Thank you for your interest in the CRIT Program in the Care of Older Adults.
Applications for the 2016 CRIT Program will be accepted starting in January, 2016.
Please contact Nilsa Carrasquillo at email@example.com for more information.
The overall goal of CRIT is to foster collaboration among disciplines in the management of complex older patients.
The secondary goals are:
- To incorporate geriatric principles into teaching and administrative roles as Chief Residents
- To develop leadership/teaching skills around the care of complex older patients
- To enhance leadership/teaching skills required in the Chief Resident role
- To be able to collaborate with other disciplines in the management of the complex older patient
- To develop an achievable project to be carried out during the Chief Residency year
- To have fun and foster collegiality
The CRIT Program takes place over the course of two days and focuses on an unfolding interactive surgical case divided into three modules following a geriatric patient from presentation to the emergency department to hospital discharge. Each module includes evidence-based mini-lectures on topics in geriatrics, small group interactive exercises, and seminars designed to enhance teaching and leadership skills. Chief Residents and Program Directors also attend two or three consultation sessions to develop an action plan for a project to be carried out through the Chief Residency year.
Now entering its 11th consecutive year, 201 chief residents and 76 faculty mentors have participated in the Boston Medical Center (BMC) CRIT program, representing 18 medical and surgical disciplines. Participating specialties have included Internal Medicine, Otolaryngology, Anesthesiology, Rehabilitation Medicine, Family Medicine, Neurology, Ophthalmology, Podiatry, Psychiatry, Cardiothoracic Surgery, Urology, Emergency Medicine, General Surgery, Orthopedic Surgery,Obstetrics & Gynecology, Diagnostic Radiology, Dermatology, and Pathology.
CRIT has consistently provided an effective immediate forum for raising Chief Resident awareness of and interest in geriatrics issues, increasing knowledge about specific syndromes and practices related to geriatrics medicine, enhancing leadership and teaching skills while building confidence for work as a Chief Resident, and reinforcing the importance of multidisciplinary approaches in the care of older patients. It has also provided the opportunity for Chief Residents, Program Directors, and geriatrics faculty to network with each other and lay the groundwork for multi- and interdisciplinary connections.
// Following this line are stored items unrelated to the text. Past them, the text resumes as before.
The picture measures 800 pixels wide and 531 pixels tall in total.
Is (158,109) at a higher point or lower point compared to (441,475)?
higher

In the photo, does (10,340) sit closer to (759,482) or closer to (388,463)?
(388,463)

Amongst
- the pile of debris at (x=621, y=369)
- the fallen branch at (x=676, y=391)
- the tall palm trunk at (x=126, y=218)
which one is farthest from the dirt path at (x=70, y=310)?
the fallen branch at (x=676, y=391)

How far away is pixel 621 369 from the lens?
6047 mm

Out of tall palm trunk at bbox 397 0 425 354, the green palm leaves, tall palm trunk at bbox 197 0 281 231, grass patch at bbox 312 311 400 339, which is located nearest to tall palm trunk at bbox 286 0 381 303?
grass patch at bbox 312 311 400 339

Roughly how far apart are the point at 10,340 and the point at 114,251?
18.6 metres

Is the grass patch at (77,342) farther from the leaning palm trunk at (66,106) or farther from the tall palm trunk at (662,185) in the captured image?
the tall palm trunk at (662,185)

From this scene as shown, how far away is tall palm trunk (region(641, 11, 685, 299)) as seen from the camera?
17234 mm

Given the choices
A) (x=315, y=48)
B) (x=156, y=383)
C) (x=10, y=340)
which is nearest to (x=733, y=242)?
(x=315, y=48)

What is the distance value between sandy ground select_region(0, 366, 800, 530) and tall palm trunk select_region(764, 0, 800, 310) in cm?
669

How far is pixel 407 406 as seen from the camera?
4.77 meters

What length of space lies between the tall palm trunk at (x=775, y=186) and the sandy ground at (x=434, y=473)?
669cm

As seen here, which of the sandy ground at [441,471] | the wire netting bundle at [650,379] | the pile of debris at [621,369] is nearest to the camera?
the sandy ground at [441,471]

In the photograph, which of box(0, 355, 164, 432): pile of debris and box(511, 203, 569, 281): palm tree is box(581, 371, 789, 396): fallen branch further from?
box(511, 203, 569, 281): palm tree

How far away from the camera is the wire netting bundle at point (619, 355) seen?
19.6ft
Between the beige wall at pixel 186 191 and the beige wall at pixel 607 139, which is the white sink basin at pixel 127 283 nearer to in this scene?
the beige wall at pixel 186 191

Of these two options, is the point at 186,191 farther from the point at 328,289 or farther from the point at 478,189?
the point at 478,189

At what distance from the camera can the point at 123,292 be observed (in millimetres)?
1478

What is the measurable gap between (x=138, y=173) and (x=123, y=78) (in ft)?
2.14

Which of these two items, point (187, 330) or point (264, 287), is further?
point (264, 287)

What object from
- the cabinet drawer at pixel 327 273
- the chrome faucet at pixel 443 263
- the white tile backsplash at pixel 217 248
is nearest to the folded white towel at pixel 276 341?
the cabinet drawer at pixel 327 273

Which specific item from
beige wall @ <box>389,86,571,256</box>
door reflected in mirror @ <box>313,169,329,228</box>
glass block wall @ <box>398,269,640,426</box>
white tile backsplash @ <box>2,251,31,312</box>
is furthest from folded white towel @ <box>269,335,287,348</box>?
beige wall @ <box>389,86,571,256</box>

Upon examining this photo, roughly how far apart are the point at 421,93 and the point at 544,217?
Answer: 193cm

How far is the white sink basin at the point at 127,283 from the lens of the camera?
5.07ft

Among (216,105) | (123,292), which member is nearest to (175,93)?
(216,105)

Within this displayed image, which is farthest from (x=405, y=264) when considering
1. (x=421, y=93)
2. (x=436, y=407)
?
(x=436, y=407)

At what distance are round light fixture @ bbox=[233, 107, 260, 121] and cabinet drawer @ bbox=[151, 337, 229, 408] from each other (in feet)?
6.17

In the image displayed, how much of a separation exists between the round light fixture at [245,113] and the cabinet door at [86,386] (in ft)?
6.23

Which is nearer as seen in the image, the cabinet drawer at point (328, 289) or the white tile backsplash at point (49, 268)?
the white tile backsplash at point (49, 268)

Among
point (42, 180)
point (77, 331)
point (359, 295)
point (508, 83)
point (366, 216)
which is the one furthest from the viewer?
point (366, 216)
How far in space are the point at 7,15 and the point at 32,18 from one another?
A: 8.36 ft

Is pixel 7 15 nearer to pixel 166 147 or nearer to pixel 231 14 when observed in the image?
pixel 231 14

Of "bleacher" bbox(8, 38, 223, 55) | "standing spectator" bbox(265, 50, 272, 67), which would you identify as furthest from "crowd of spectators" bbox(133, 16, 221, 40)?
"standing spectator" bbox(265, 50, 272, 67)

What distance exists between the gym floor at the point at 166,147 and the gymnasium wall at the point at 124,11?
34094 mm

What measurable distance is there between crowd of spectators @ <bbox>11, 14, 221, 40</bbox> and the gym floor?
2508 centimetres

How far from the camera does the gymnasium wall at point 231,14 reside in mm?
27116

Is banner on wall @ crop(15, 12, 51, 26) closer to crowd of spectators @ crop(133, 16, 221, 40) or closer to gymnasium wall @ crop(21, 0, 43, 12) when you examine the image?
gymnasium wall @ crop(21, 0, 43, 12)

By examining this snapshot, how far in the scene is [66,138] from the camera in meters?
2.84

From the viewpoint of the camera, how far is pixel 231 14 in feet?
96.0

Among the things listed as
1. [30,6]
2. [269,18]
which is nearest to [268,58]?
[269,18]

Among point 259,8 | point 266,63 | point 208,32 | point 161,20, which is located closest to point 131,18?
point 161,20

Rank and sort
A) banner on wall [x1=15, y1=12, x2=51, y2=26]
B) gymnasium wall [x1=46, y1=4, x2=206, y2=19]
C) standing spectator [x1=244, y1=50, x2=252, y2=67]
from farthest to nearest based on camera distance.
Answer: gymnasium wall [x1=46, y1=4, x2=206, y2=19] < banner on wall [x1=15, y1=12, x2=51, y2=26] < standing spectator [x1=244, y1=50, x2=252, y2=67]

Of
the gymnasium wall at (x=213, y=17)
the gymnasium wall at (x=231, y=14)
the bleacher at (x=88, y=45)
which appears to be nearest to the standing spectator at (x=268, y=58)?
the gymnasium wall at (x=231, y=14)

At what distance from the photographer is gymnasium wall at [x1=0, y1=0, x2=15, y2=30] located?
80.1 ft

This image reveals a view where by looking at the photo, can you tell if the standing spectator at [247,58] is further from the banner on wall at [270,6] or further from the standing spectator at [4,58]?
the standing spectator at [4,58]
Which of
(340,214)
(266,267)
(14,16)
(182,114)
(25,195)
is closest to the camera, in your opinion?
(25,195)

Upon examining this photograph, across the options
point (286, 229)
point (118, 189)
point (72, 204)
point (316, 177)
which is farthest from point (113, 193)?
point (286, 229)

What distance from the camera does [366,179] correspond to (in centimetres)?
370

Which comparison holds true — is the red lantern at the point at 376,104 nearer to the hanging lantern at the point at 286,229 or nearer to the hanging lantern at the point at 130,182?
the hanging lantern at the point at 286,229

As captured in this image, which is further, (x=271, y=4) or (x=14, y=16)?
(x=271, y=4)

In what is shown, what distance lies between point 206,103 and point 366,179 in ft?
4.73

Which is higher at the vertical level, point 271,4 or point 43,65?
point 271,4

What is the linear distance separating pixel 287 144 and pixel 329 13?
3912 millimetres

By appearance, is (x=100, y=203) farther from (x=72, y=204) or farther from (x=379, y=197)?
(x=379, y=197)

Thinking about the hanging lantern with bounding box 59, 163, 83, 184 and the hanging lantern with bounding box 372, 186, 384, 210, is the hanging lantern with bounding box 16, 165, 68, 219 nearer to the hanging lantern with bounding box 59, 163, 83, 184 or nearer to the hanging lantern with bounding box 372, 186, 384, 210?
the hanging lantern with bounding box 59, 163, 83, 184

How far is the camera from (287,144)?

To date, the CRIT program has been conducted a total of 44 times at 16 institutions nationwide, including BMC. BMC began development of the CRIT program in 2003, with funding from the Donald W. Reynolds Foundation. In 2007, The John A. Hartford Foundation provided funding for the Association of Directors of Geriatric Academic Programs (ADGAP) and BMC to undertake a national demonstration of the CRIT program. Due to the success of this demonstration, The Hearst Foundations and The Donald W. Reynolds Foundation have provided funds to continue the successful national dissemination of CRIT.